Saved entries ::
┏━━

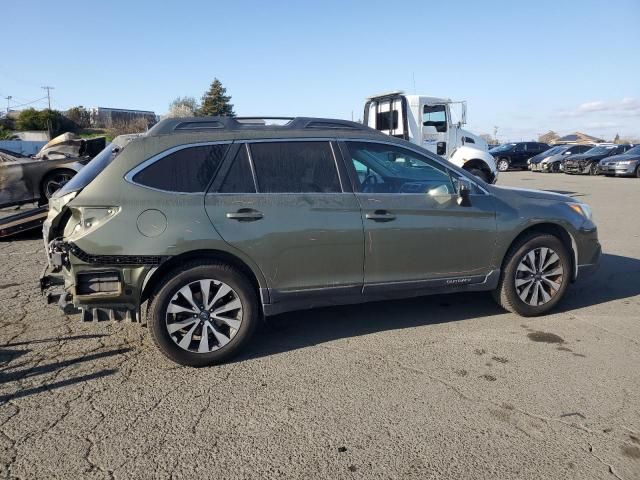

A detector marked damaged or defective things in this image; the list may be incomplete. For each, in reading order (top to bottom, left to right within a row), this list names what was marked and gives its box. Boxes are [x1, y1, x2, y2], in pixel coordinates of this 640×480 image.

wrecked vehicle [0, 132, 105, 207]
wrecked vehicle [40, 116, 600, 368]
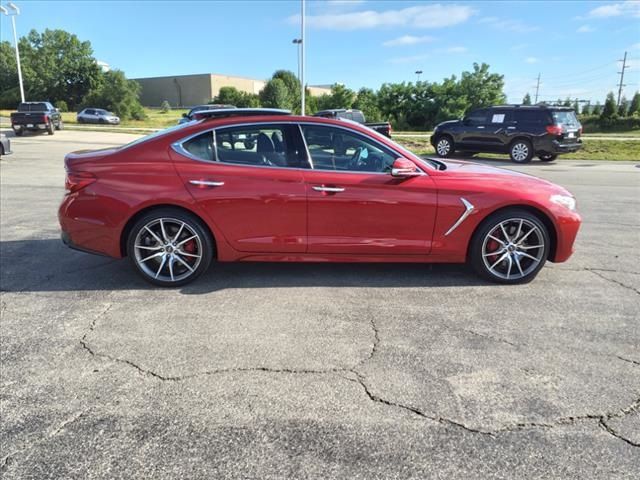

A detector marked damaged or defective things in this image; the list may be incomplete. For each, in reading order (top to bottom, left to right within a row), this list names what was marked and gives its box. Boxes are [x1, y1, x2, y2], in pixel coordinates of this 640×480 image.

cracked asphalt [0, 129, 636, 478]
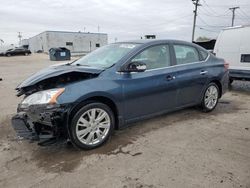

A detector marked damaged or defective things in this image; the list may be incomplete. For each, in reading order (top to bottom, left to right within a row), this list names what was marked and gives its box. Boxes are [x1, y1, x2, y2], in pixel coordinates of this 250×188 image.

damaged bumper [11, 104, 69, 145]
broken headlight [20, 88, 64, 107]
front end damage [10, 65, 100, 146]
crumpled hood [16, 64, 103, 89]
damaged sedan [12, 40, 229, 150]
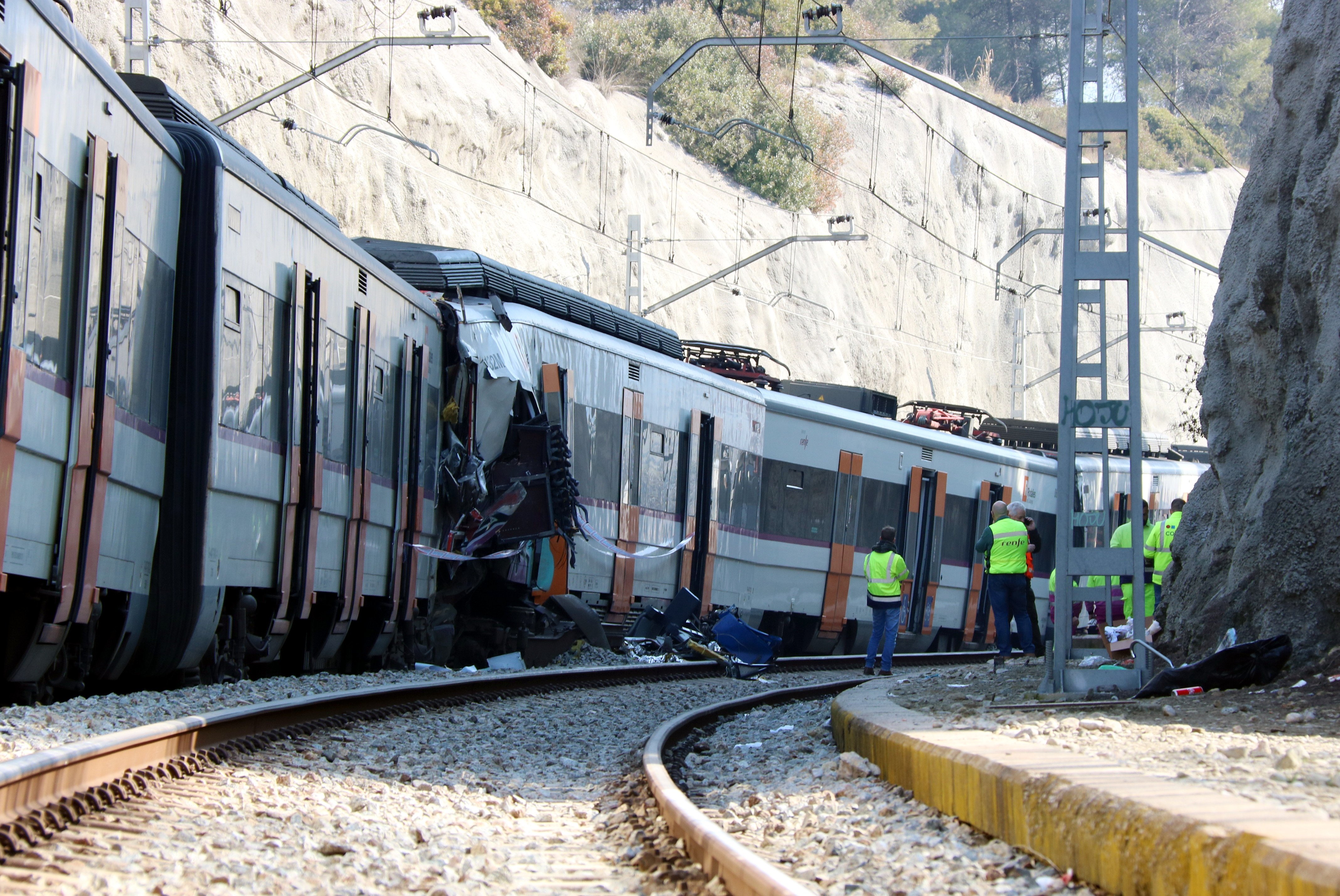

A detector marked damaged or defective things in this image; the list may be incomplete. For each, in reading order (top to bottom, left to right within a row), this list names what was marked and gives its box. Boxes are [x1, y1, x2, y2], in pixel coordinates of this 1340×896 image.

wrecked train cab [356, 240, 772, 664]
damaged train [0, 0, 1211, 696]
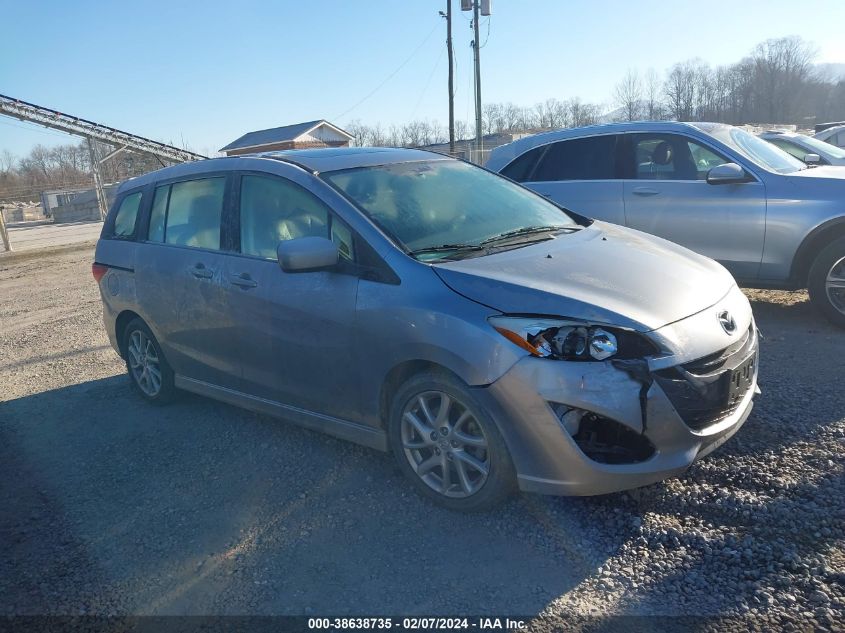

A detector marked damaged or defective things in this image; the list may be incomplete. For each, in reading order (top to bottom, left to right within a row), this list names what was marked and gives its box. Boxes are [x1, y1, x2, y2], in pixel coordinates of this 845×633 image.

front bumper damage [474, 316, 760, 494]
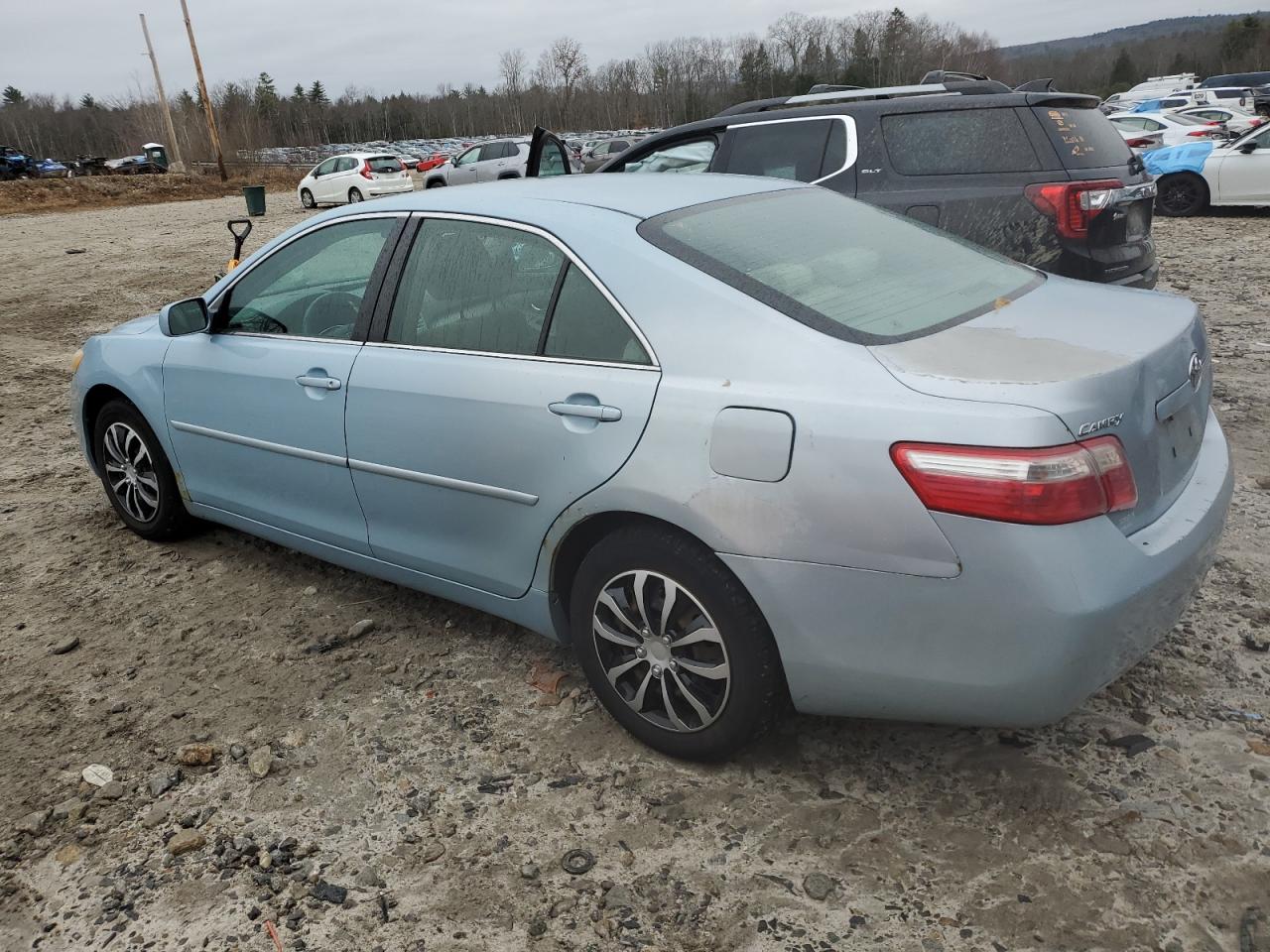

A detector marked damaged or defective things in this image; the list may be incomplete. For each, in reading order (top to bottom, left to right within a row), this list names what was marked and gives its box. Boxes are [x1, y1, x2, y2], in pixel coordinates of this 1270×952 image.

damaged vehicle [66, 175, 1230, 758]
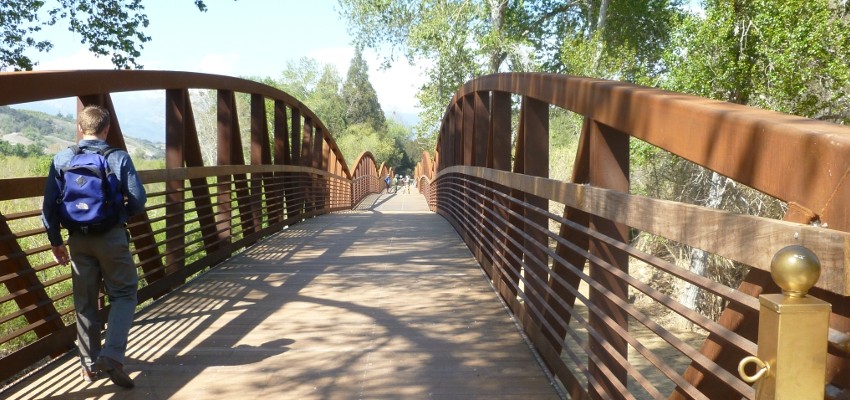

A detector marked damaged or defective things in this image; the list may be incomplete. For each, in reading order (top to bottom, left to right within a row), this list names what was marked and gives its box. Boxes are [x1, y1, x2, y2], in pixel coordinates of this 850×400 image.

rusted steel arch [0, 70, 348, 178]
rusted steel arch [430, 72, 848, 400]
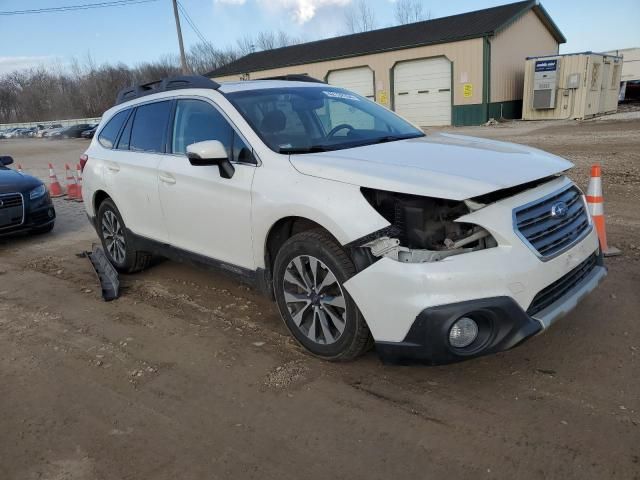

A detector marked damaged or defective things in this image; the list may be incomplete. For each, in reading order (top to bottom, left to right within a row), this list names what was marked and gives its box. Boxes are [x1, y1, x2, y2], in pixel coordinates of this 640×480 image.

crumpled hood [288, 132, 572, 200]
front-end collision damage [350, 188, 496, 270]
broken headlight assembly [352, 187, 498, 266]
detached bumper piece [87, 246, 120, 302]
detached bumper piece [376, 298, 540, 366]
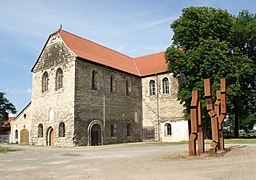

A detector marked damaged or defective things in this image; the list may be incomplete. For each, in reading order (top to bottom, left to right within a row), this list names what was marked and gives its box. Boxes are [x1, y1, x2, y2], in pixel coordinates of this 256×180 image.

┗━━

WORK REQUIRED ::
Looking at the records above, extract only the lines from the one with "this 1270×952 image." through the last line, exactly, with the pictures left out.

REPLY ::
A detector marked damaged or defective things in this image; the list may be incomplete. For each, in reading order (top to bottom, left to right within a row), this list names what was marked and gives its box. Boxes are [x1, y1, x2, y2], in pixel coordinates of this 1270×952 image.

damaged vehicle [66, 175, 1230, 758]

A detector marked damaged or defective things in this image; the list may be incomplete. For each, in reading order (top to bottom, left to right within a row), this list names what was marked and gives its box. Boxes are [x1, y1, x2, y2], in pixel coordinates of this 850×400 image.

rusted steel arch [0, 70, 348, 178]
rusted steel arch [430, 72, 848, 400]

A detector marked damaged or defective things in this image; the list may be incomplete. For each, in reading order (top to bottom, left to right within a row), this list names what was marked and gives its box. Boxes are [x1, y1, x2, y2], in pixel coordinates of this 640×480 image.

crumpled hood [288, 132, 572, 200]
front-end collision damage [350, 188, 496, 270]
broken headlight assembly [352, 187, 498, 266]
detached bumper piece [87, 246, 120, 302]
detached bumper piece [376, 298, 540, 366]

A detector marked damaged or defective things in this image; the list may be incomplete. For each, in reading order (top to bottom, left to right within a row), this list names what was marked and gives its box. Boxes are [x1, y1, x2, y2], in pixel coordinates of this 256×180 image.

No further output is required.